We are still here. I have tried to write but, lately, by the end of the day, I am so exhausted that I can barely string a sentence together. All of this stress seems to be catching up to me and Phoebe has been busy. Last Wednesday she had a bone marrow aspiration. This test was done to see how well her leukemia responded to the study drug. There is a repeat aspirate scheduled at the end of the clinical trial to determine the results when the study drug is combined with chemo. The results so far are promising. After months of seeing the same level of disease or more recently, more disease in Phoebe's bone marrow - these results are slightly better. Four doses of the study drug dropped the percentage of leukemia in Phoebe's bone marrow from 70-80% to 59% and improved the chimerism from just 8% donor cells to 38%. Better. Still a very long way to go, but better and we are clinging to better with all that we have.
Shortly after we received this news, Phoebe spiked a fever. No time to breathe or take in the better news, Phoebe was admitted to the hospital. Blood cultures were drawn, doctors came to listen to and look at Phoebe - she cried and told them to leave her alone; that she wanted to go home. We worried. No source of the fevers was found, Phoebe refused to eat the "hospital food" and she became more frustrated and depressed as the days passed. After just 24 hours without a fever and no answers, we asked if she could go home. The doctors reluctantly agreed but the transfer from in patient to out was not at all seamless and we ended up spending most of the weekend in the medicine room at St.Jude. Sometimes things just don't go as planned. Yesterday we arrived at the hospital at 10am and left after midnight - all fourteen hours were spent in one tiny room as Phoebe is still isolated. Sometimes I feel like this is one giant social experiment - how many hours can one family of four spend in a tiny room before someone loses it? How much lego can two kids build in 14 hours?
Thankfully, today is a day off and Phoebe appears to be feeling better. Her quality of life is very important to us and she is a different child when she's at home. She hasn't had any more fevers and she ended her hunger strike thanks to some great Canadian snacks that arrived this morning (thank-you!!). As I write this she is painting with Mae and for the first time since Thursday, I feel like I can breathe.
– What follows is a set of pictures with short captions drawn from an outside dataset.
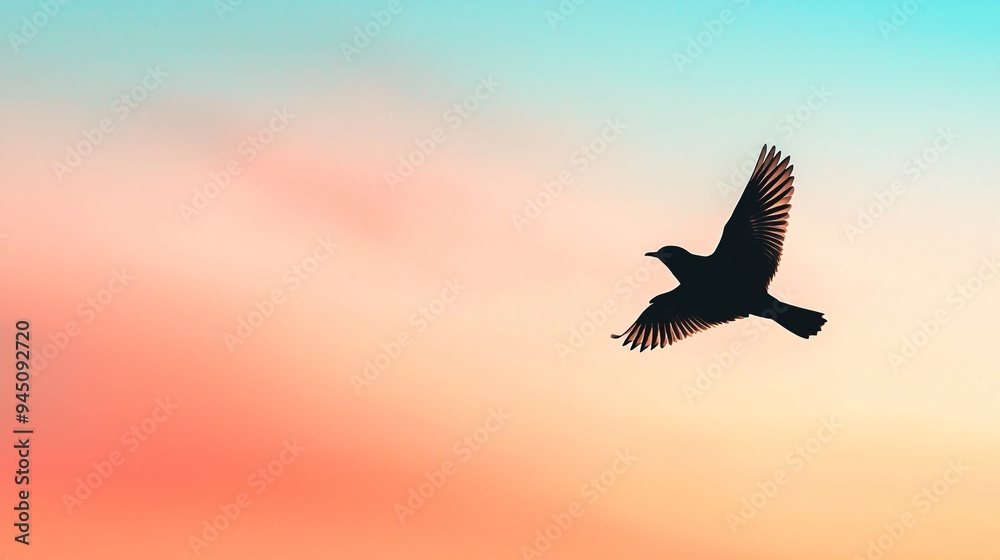 Fototapeta premium Silhouette of bird flying at sunrise with colorful sky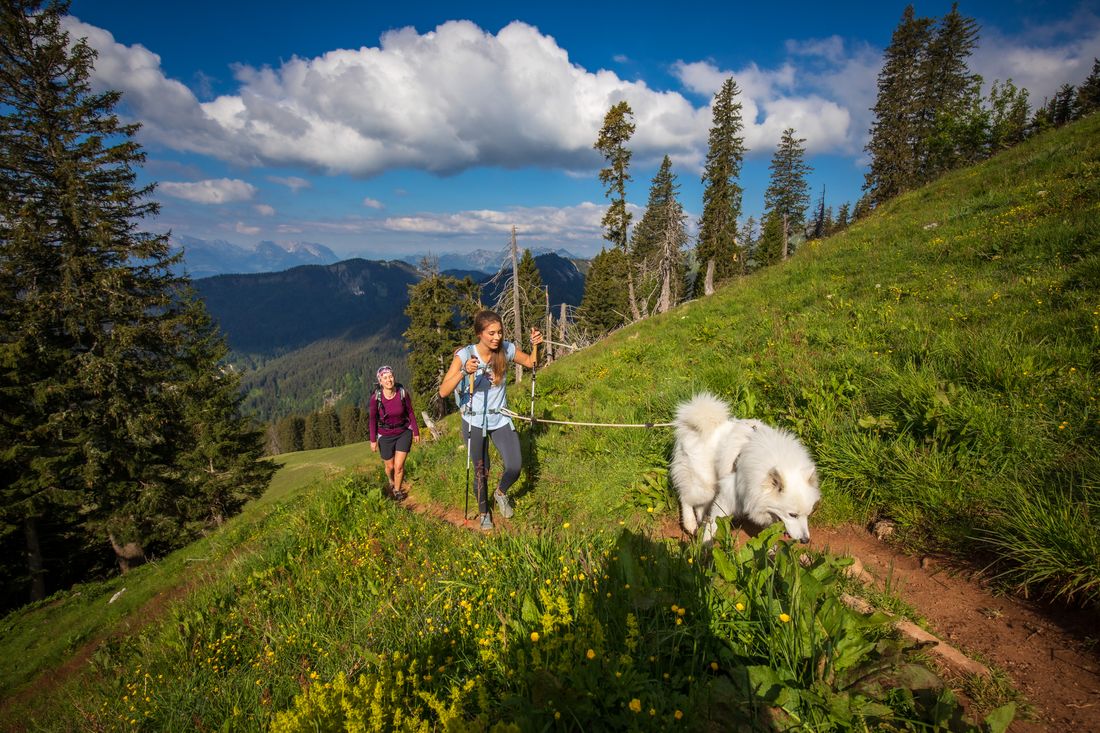 Tamara Schweidler die Gipfelbuchgestalterin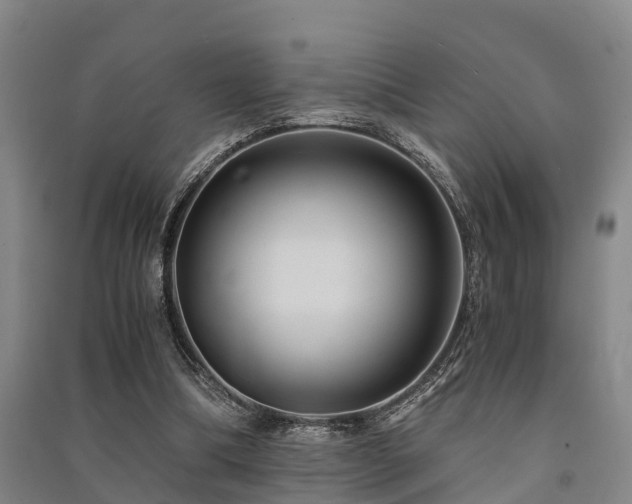 X0000091500298200708161504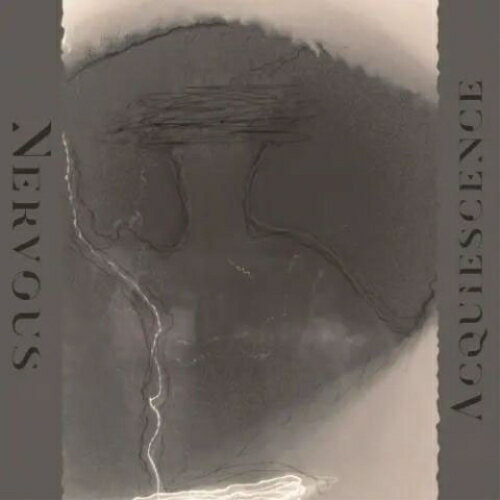 【取寄商品】CD / NERVOUS / ACQUIESCENCE (直輸入盤国内仕様) / BITX-1409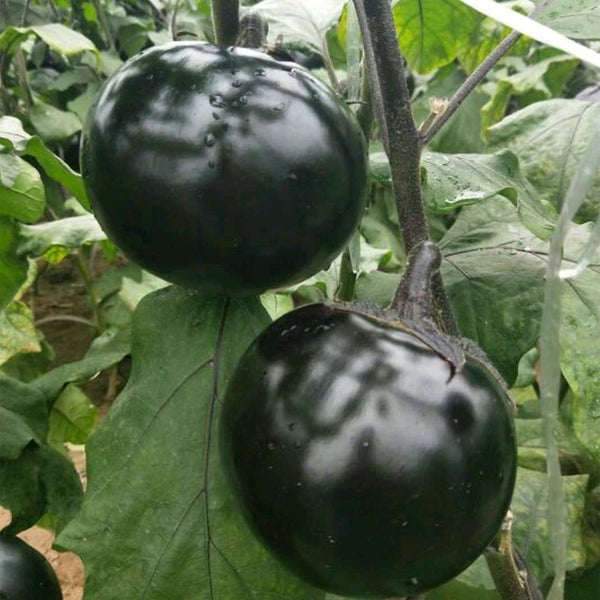 'Heiyuanshuai' Round Eggplant Seeds, 100 Seeds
The plan moving forward is to complete the clinical trial - Phoebe has two doses of the study drug remaining and will finish on Friday. After that, we will repeat the bone marrow tests and hope and pray for good results.
We are anxious but hopeful. Always hopeful. While all of this was happening, we moved out of our apartment at the Target House so that they could do minor renovations and move in some new furniture and art work. We came home after our marathon day yesterday to this in Mae and Phoebe's room ...
Every little thing gonna be all right.